● DATA SHOWN

========

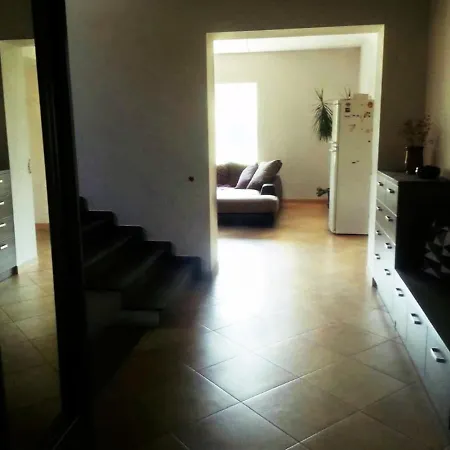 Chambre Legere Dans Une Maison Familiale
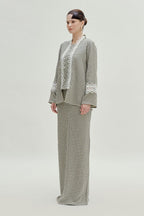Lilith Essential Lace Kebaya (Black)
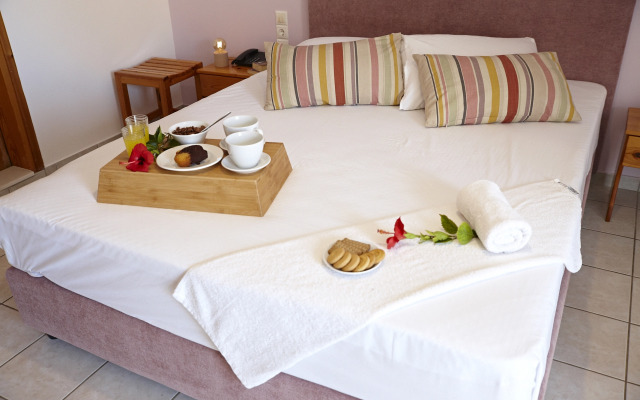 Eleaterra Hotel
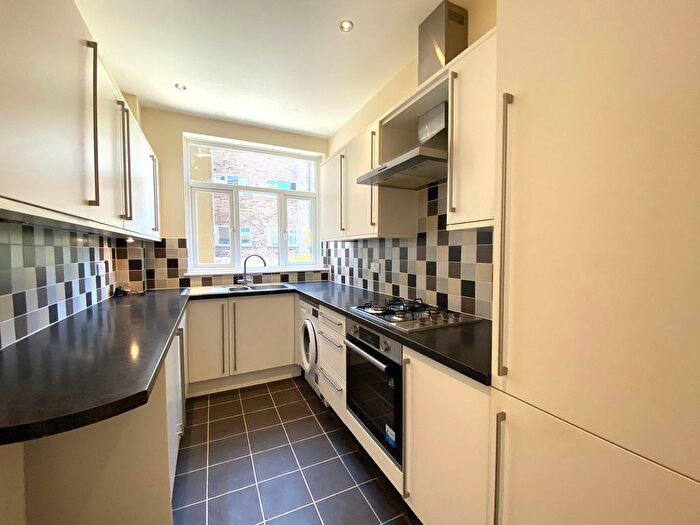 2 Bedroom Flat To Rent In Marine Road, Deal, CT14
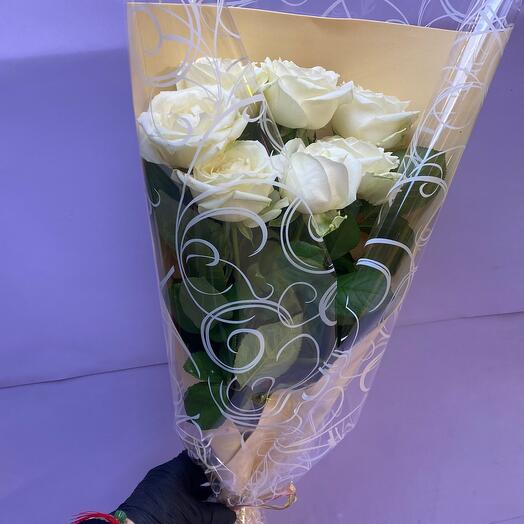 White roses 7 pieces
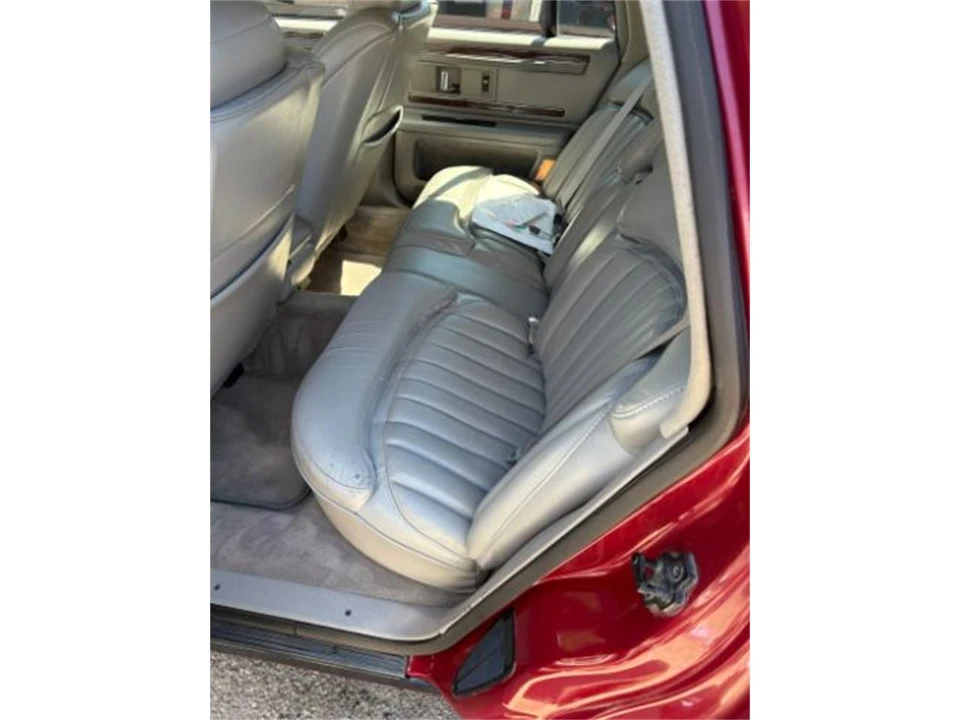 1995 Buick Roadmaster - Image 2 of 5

========

Every entry must be written out exactly, with all pictures left out.

● ANSWER SECTION
 Chambre Legere Dans Une Maison Familiale
Lilith Essential Lace Kebaya (Black)
 Eleaterra Hotel
 2 Bedroom Flat To Rent In Marine Road, Deal, CT14
 White roses 7 pieces
 1995 Buick Roadmaster - Image 2 of 5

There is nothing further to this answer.